This one’s for the birds.
After years of wear, the ripped netting that surrounds Houston’s largest wastewater treatment facility allows hundreds of birds each month to fly to grisly deaths inside sewage mixers, centrifuges and high-temperature dryers that stretch four-stories high.
The city hopes a simple upgrade will help.
City Council on Wednesday agreed to spend $85,285 to replace the netting and vinyl doors that enclose the otherwise open-air sewage refinery at the edge of Denver Harbor, on Houston’s east side.
During an afternoon walk-through, assistant operations manager Pedro Munive spotted what appeared to be a pigeon beak-down on a sheet of corrugated metal.

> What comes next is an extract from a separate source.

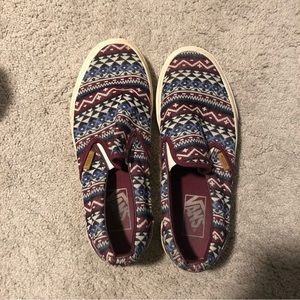 Vans slip ons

“That one there is pretty fresh,” he said.
A few paces away, a spray of white and gray feathers.
“Got caught up in one of the centrifuges?” Munive said. “It’s hard to say.”
The 69th Street Wastewater Treatment Plant is the largest of Houston’s 39 wastewater facilities and receives most of the city’s sewage. After separating the solids from the liquid, the city sends the sludge, as it’s called, to a 35,000-square-foot building where it’s converted into fertilizer to be sold.

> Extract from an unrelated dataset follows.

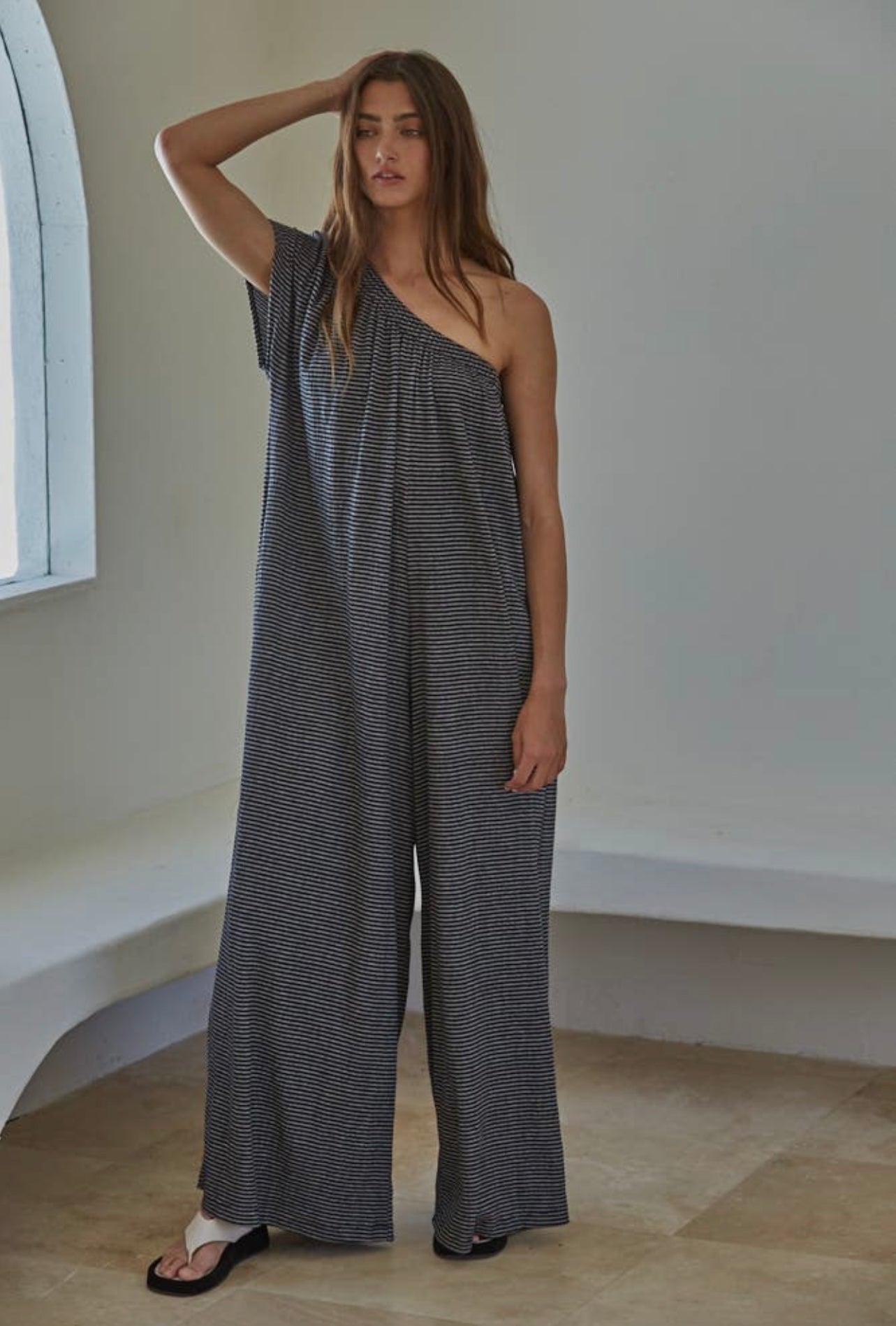 Stripe Jumpsuit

Sometimes, Munive said, the birds pick at the sludge as it travels along a conveyer belt to one of the plant’s many mixers. If they enter a mixer with the sludge, they suffocate or get chopped up by the mixer’s blade. Other times, they’rejusta nuisance, pooping on the concrete floor and workers’ hard hats. In the worst-case scenario, a fried bird could damage plant equipment.
Day-to-day, though, the new netting is mostly about the birds.
“It wouldn’t change my life,” Munive said. “It would change the birds’ lives. Because they won’t be dead.”